• Exercise brief
Print every line of the listing below, starting with the line that holds "Collier et boucles d'oreilles élégants" and going on through the line that holds "Certified Used 2023", both included, and print nothing else.

• Exercise input

****************

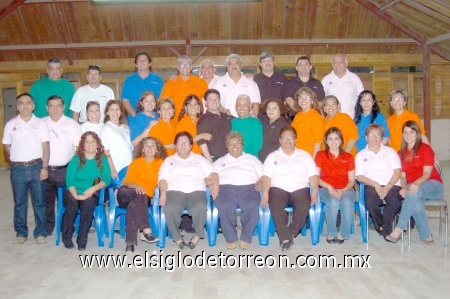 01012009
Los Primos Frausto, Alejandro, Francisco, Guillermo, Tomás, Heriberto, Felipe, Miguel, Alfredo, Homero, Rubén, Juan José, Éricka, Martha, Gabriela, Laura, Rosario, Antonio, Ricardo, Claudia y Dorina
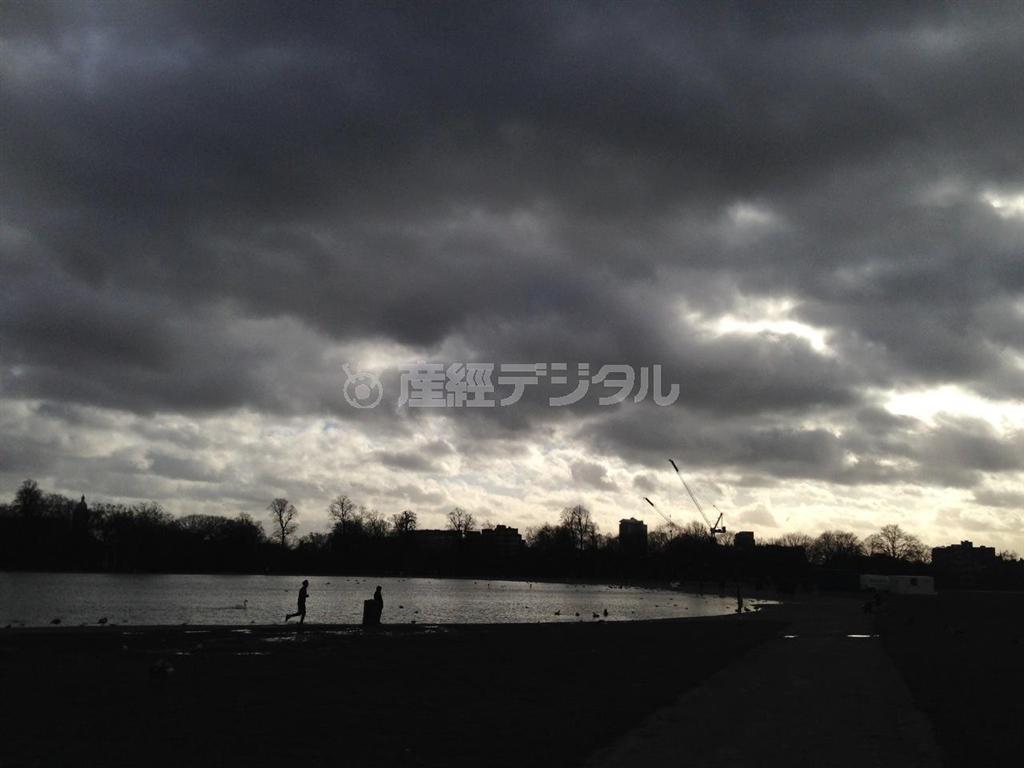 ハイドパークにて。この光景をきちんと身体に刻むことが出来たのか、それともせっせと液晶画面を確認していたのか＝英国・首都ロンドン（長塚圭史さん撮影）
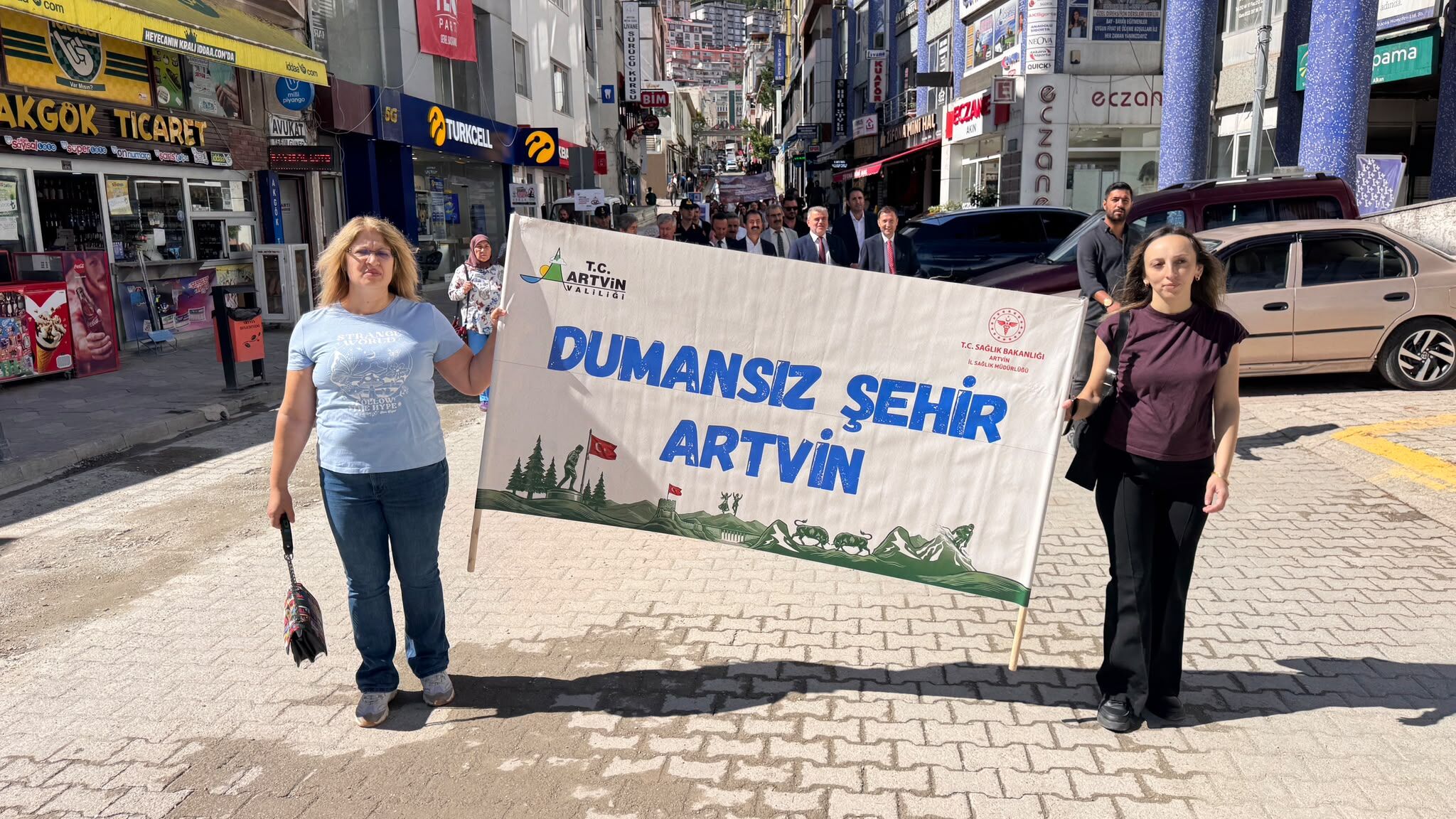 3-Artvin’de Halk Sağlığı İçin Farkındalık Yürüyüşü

****************

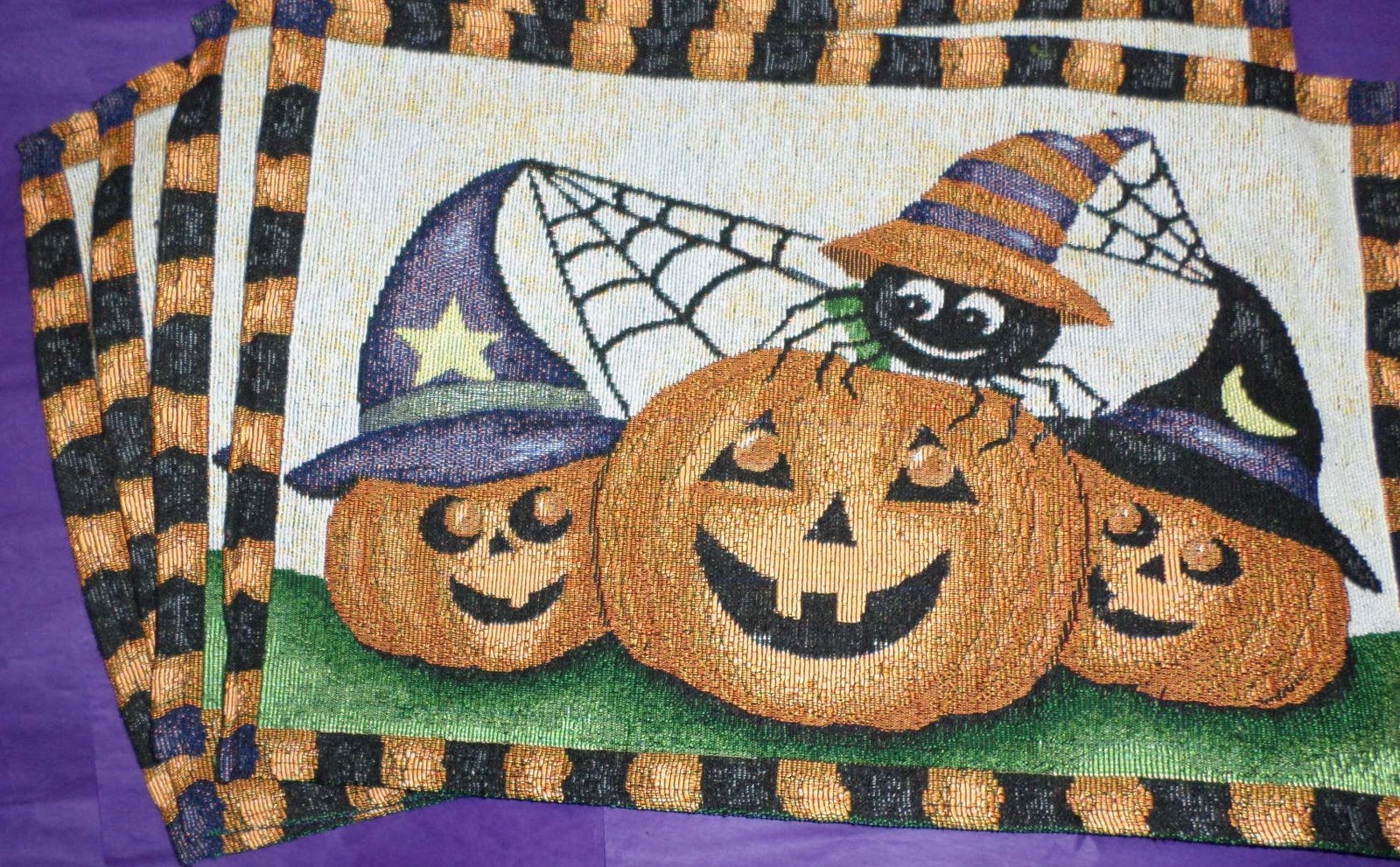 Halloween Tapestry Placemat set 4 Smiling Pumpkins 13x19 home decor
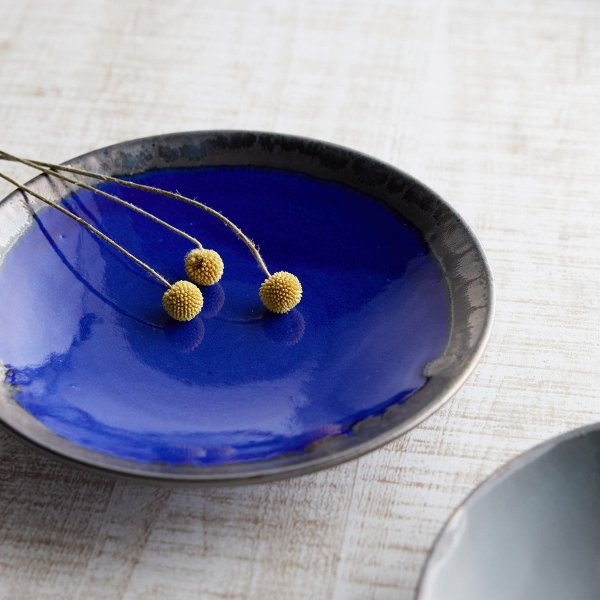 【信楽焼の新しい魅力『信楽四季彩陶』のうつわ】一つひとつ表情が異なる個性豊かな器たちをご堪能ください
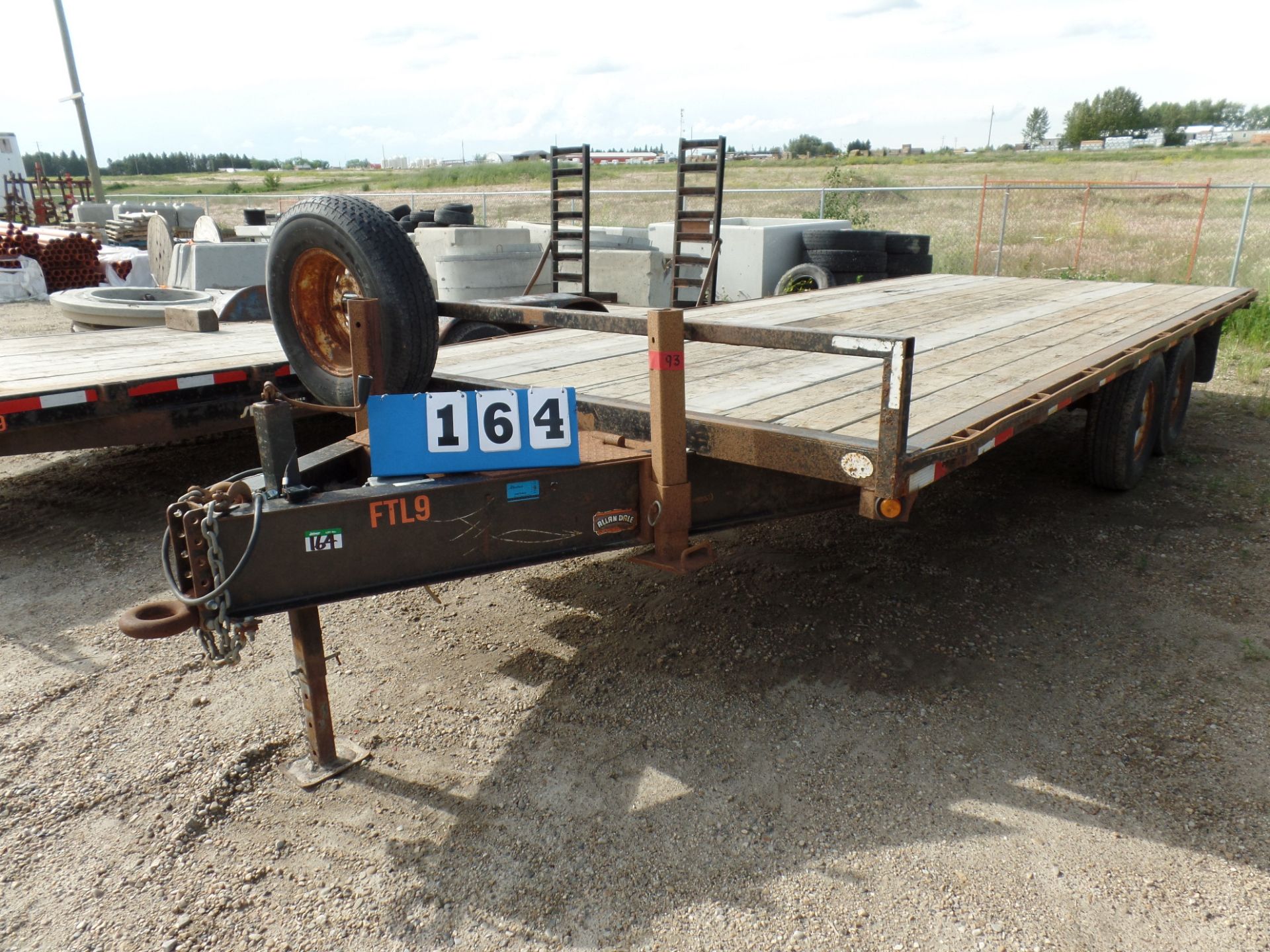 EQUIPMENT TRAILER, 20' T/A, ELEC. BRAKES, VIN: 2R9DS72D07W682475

****************

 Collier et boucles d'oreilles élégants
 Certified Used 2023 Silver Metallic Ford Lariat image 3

****************

• Reply
 Collier et boucles d'oreilles élégants
 Certified Used 2023 Silver Metallic Ford Lariat image 3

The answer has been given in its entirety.